We can see that there are a lot of columns in our dataset, most of which we don’t need to build our search engine. From a search perspective, the most informative columns are title, body, and comments, while html_url provides us with a link back to the source issue. Let’s use the Dataset.remove_columns() function to drop the rest:

In [4]:
columns = issues_dataset.column_names
columns_to_keep = ["title", "body", "html_url", "comments"]
columns_to_remove = set(columns_to_keep).symmetric_difference(columns)
issues_dataset = issues_dataset.remove_columns(columns_to_remove)
issues_dataset

Dataset({
    features: ['html_url', 'title', 'comments', 'body'],
    num_rows: 808
})

In [None]:
issues_dataset[0]

**had to reread this several times to understand wtf he means: basically just that for each current item in the dataset the body/title is the same but the COMMENTS are a list of distinct comments. We want to make a larger dataset such that each of the COMMENTS appears separately, with its original body/title copied for it** 

So expand in pandas to create len(dataset_entry_comments) copies of each dataset_entry

---

To create our embeddings we’ll augment each comment with the issue’s title and body, since these fields often include useful contextual information. Because our comments column is currently a list of comments for each issue, we need to “explode” the column so that each row consists of an (html_url, title, body, comment) tuple. In Pandas we can do this with the DataFrame.explode() function, which creates a new row for each element in a list-like column, while replicating all the other column values. To see this in action, let’s first switch to the Pandas DataFrame format:

In [5]:
issues_dataset.set_format("pandas")
df = issues_dataset[:]

In [6]:
print(len(df["comments"][0].tolist()))
df["comments"][0].tolist() # THERE ARE 2 COMMENTS ASSOCIATED WITH THIS ISSUE

2


['Cool, I think we can do both :)',
 '@lhoestq now the 2 are implemented.\r\n\r\nPlease note that for the the second protection, finally I have chosen to protect the master branch only from **merge commits** (see update comment above), so no need to disable/re-enable the protection on each release (direct commits, different from merge commits, can be pushed to the remote master branch; and eventually reverted without messing up the repo history).']

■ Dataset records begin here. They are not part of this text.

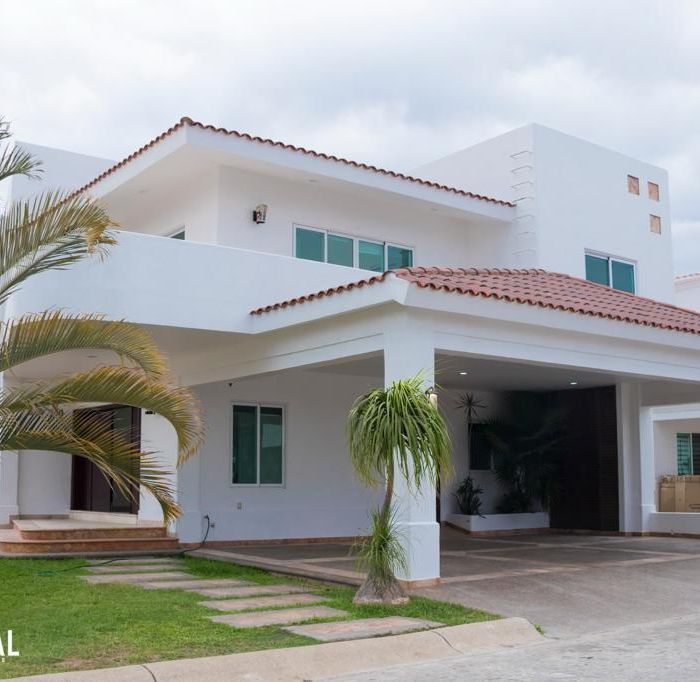 Residencia en Punta Diamante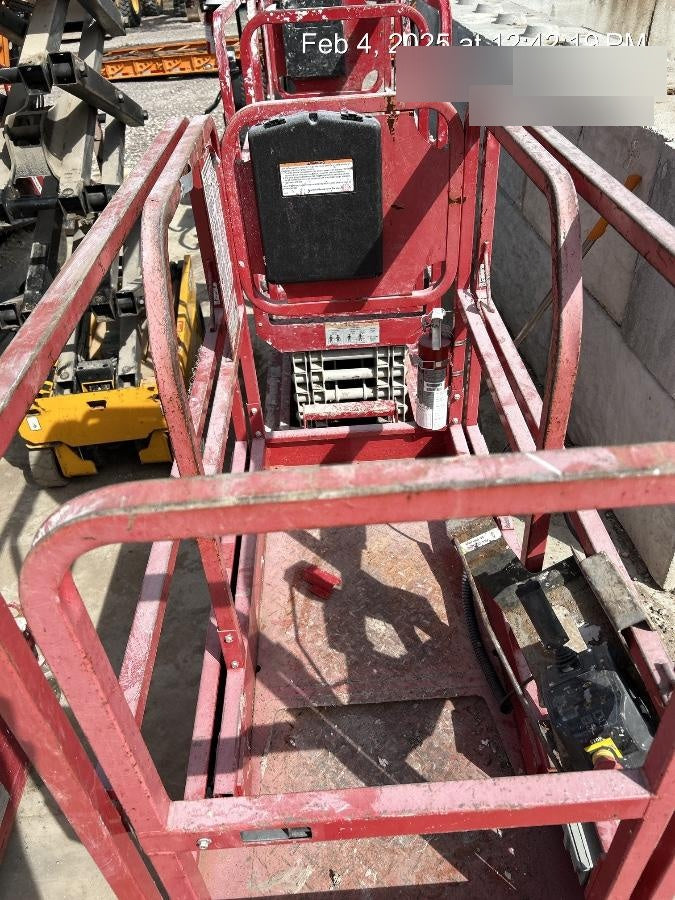 2019 MEC 1330SE Motion Alarm, Beacon, Includes MachineLink keypad and telematics device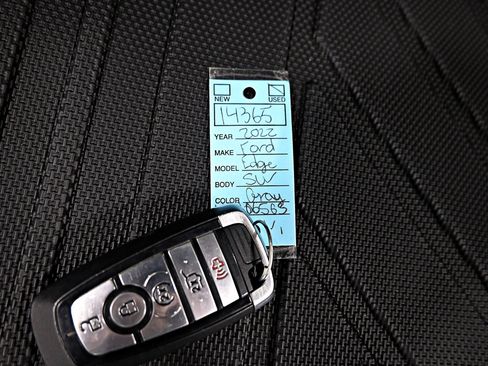 Used 2022 Ford Edge Titanium AWD/4WD image 38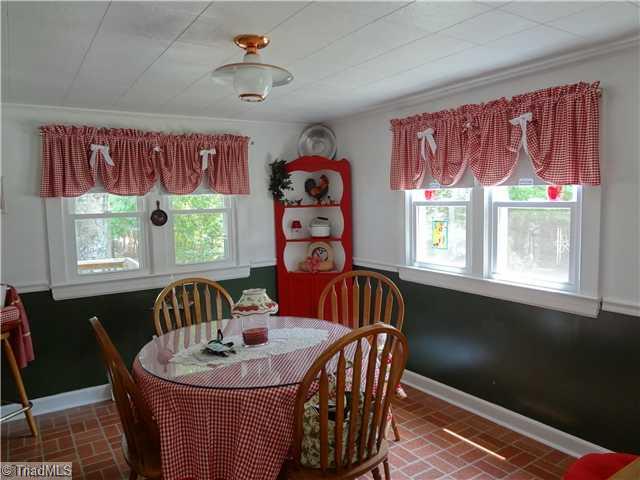 7701 Broad Street Rural Hall, NC 27045 - Photo 11 of 16 Exterior Front. This table screams corn bread and pinto beans....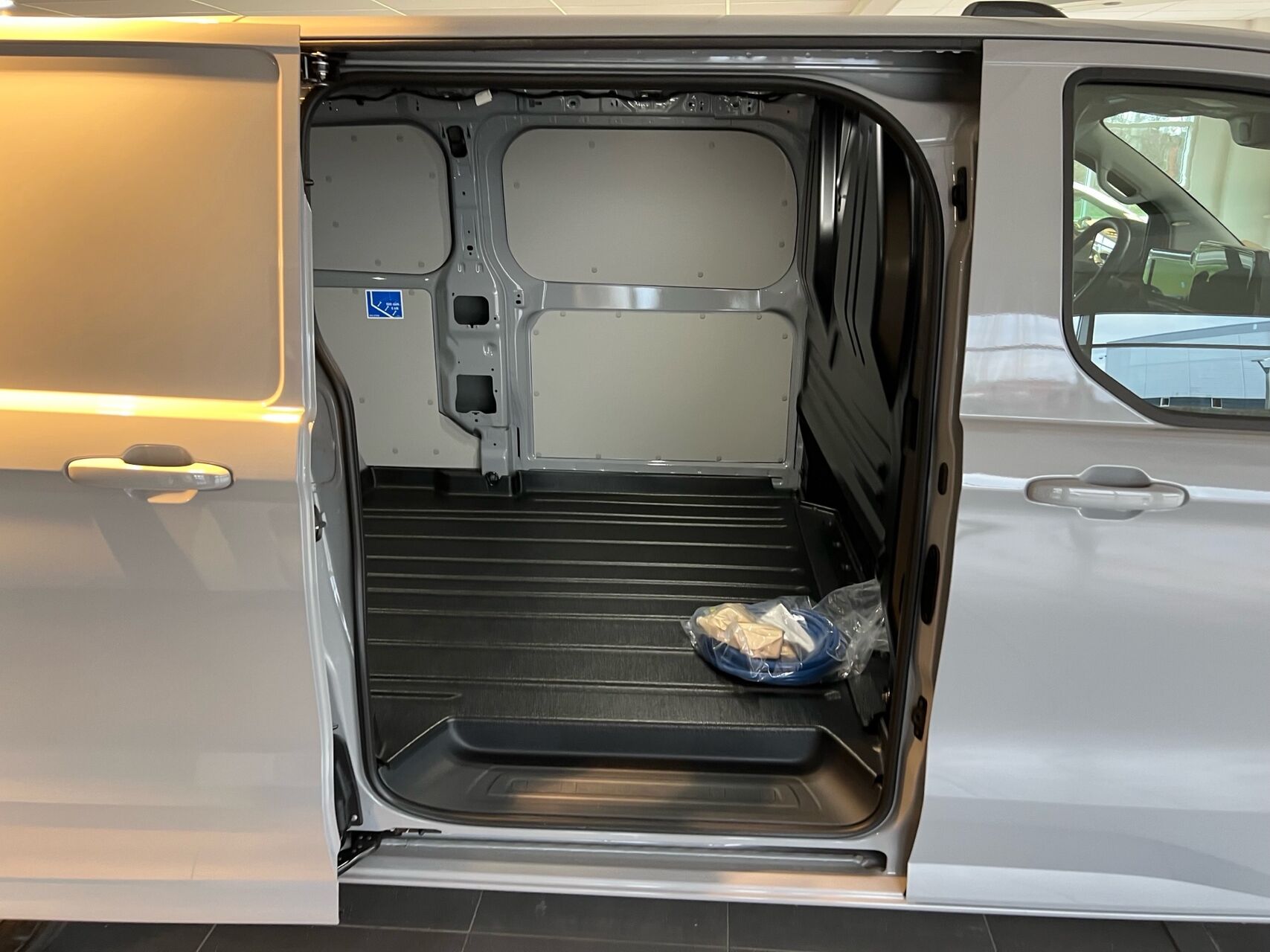 Billede af Ford E-Transit Custom 340 L2H1 EL Limited 218HK Van Aut.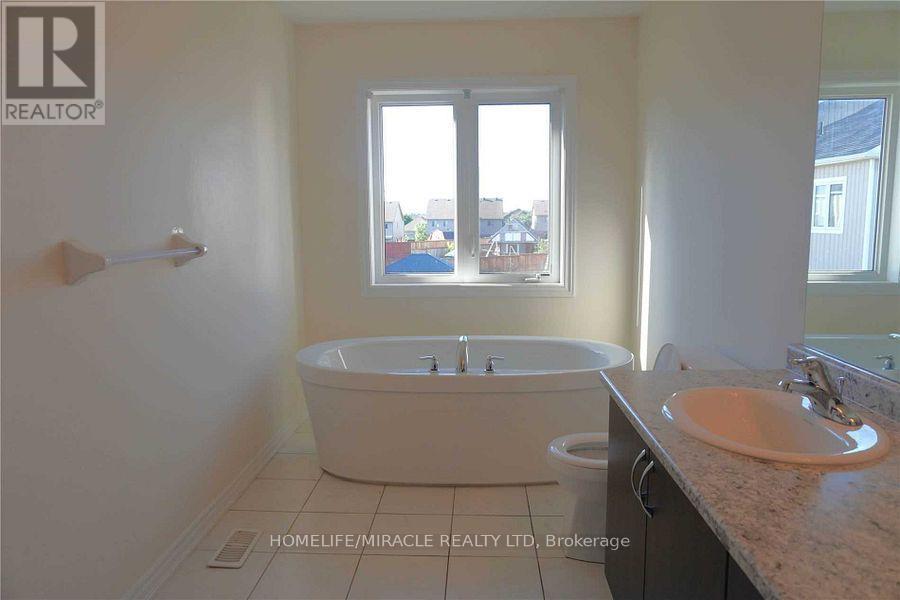 76 Wagner Crescent, Essa, Ontario  L0M 1B6 - Photo 10 - N12715634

When we explode df, we expect to get one row for each of these comments. Let’s check if that’s the case:

In [7]:
comments_df = df.explode("comments", ignore_index=True)
comments_df.head() # CHECK FIRST 2 SHOULD BE SAME TITLE/BODY/HTML_URL 

Unnamed: 0,html_url,title,comments,body
0,https://github.com/huggingface/datasets/issues...,Protect master branch,"Cool, I think we can do both :)",After accidental merge commit (91c55355b634d0d...
1,https://github.com/huggingface/datasets/issues...,Protect master branch,@lhoestq now the 2 are implemented.\r\n\r\nPle...,After accidental merge commit (91c55355b634d0d...
2,https://github.com/huggingface/datasets/issues...,Backwards compatibility broken for cached data...,Hi ! I guess the caching mechanism should have...,## Describe the bug\r\nAfter upgrading to data...
3,https://github.com/huggingface/datasets/issues...,Backwards compatibility broken for cached data...,"If it's easy enough to implement, then yes ple...",## Describe the bug\r\nAfter upgrading to data...
4,https://github.com/huggingface/datasets/issues...,Backwards compatibility broken for cached data...,Well it can cause issue with anyone that updat...,## Describe the bug\r\nAfter upgrading to data...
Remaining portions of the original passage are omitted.